Control Plane — The firmware layer that manages system and hardware configuration
and runs the network control protocols in order to set system configuration and state.
The control plane determines how the forwarding plane should forward packets,
deciding which data packets are allowed to be forwarded and where they should go.
The control plane is implemented in application firmware running on the management
unit.
Management Plane — A set of interfaces that enable the network administrator to
configure the networking device. The management plane is implemented in application
firmware running on the management unit.
Nonstop forwarding (NSF) allows the forwarding plane of stack units to continue to forward packets
while the control and management planes restart as a result of a power failure, hardware failure, or
firmware fault on the management unit. A nonstop forwarding failover can also be manually initiated
using the initiate failover command. Traffic flows that enter and exit the stack through physical
ports on a unit other than the management continue with virtually no interruption when the
management unit fails. To prepare the standby management unit in case of a failover, applications on
the management unit periodically checkpoint state information to the standby unit. Changes to the
running configuration are automatically copied to the standby unit. MAC addresses stay the same across
a nonstop forwarding failover so that neighbors do not have to relearn them.

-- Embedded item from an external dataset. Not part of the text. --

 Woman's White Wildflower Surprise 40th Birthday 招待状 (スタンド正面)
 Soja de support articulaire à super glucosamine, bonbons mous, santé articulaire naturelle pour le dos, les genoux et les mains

For NSF to be effective, adjacent networking devices must not reroute traffic around the restarting
device. Three techniques are used to prevent traffic from being rerouted:
1. A protocol may distribute a part of its control plane to stack units so that the protocol can give
the appearance that it is still functional during the restart. When NSF is enabled on a switch,
various protocols and configurations such as Spanning Tree and Link Access groups
automatically use this technique.
2. A protocol may enlist the cooperation of its neighbors through a technique known as graceful
restart. You can enable graceful restart functionality for the OSPF and OSPFv3 protocols so that
the stack can continue to forward packets using the same IPv4 and IPv6 routes while the
Standby unit takes over management responsibility. For example, when OSPF executes a
graceful restart, it informs its neighbors that the OSPF control plane is restarting, but that it
will be back shortly. Helpful neighbors continue to advertise to the rest of the network that
they have full adjacencies with the restarting router, avoiding announcement of a topology
change and everything that goes with that (i.e., flooding of LSAs, SPF runs). Helpful neighbors
continue to forward packets through the restarting router. The restarting router relearns the
network topology from its helpful neighbors.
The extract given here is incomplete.